:: EXERCISE ::
Without including any images, output the listing below exactly.

----- DATA SECTION

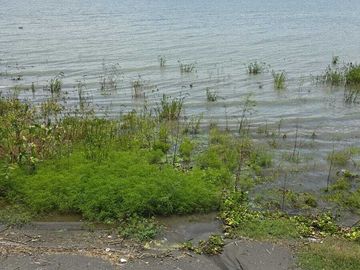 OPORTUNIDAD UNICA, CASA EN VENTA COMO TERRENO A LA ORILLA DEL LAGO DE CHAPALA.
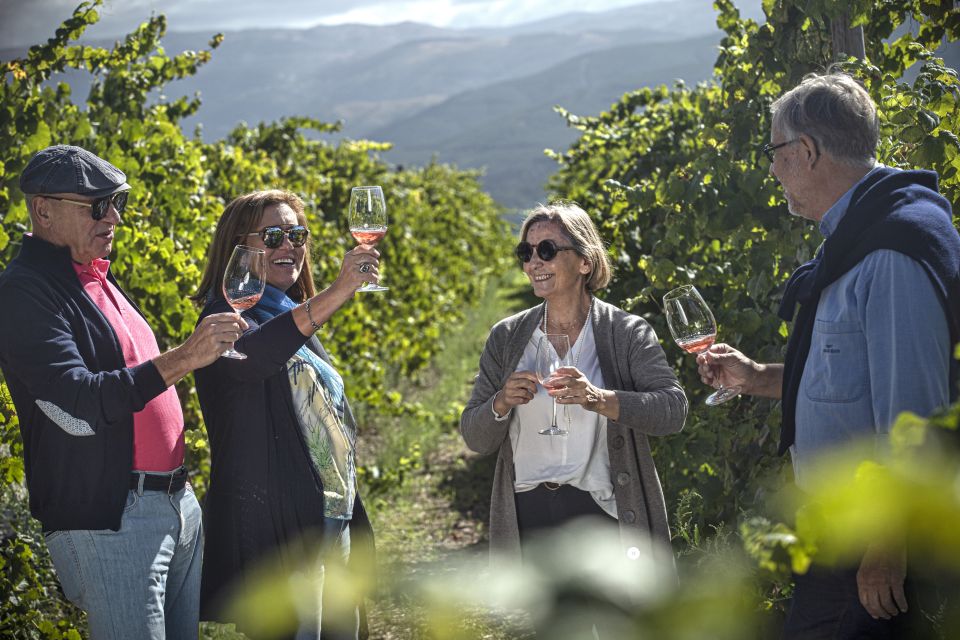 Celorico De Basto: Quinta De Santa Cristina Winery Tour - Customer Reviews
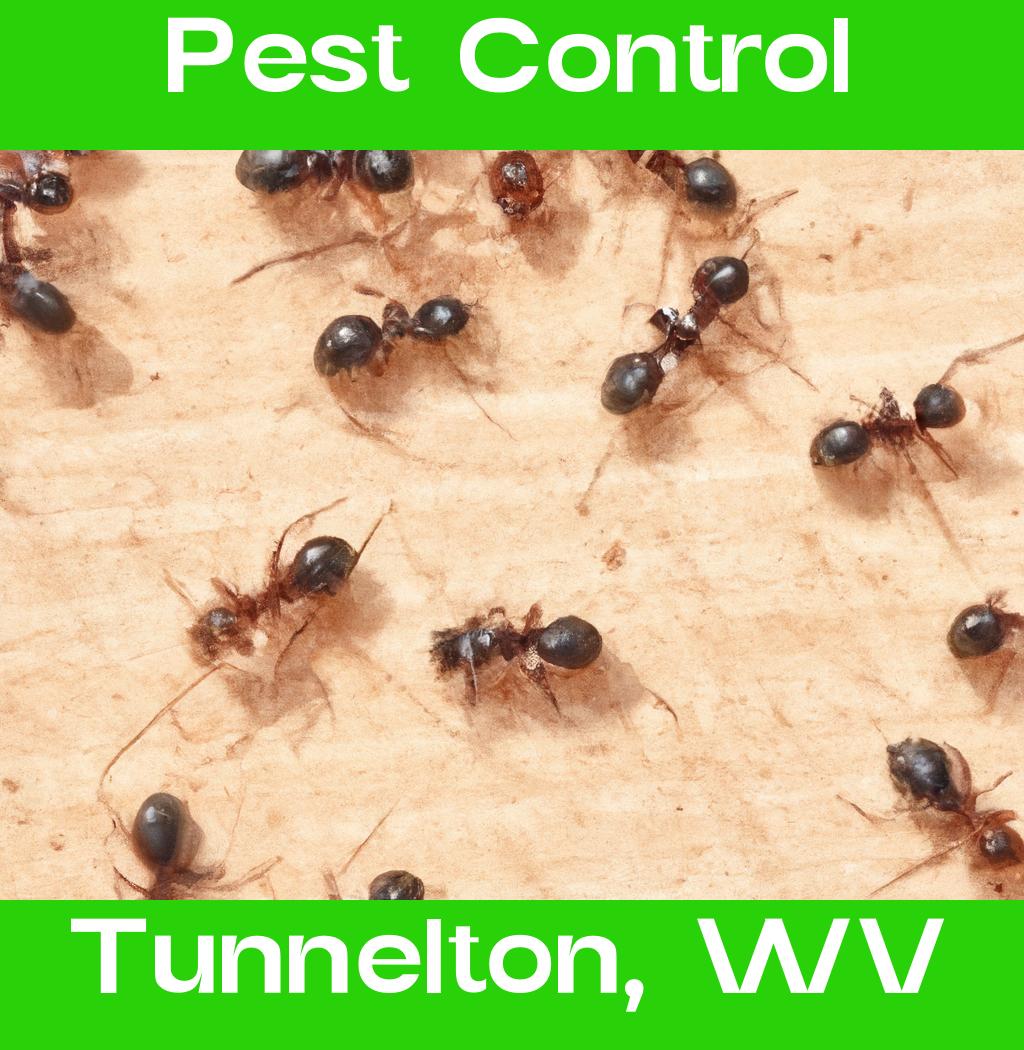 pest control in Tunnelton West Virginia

----------

:: RESPONSE BELOW ::
 OPORTUNIDAD UNICA, CASA EN VENTA COMO TERRENO A LA ORILLA DEL LAGO DE CHAPALA.
 Celorico De Basto: Quinta De Santa Cristina Winery Tour - Customer Reviews
 pest control in Tunnelton West Virginia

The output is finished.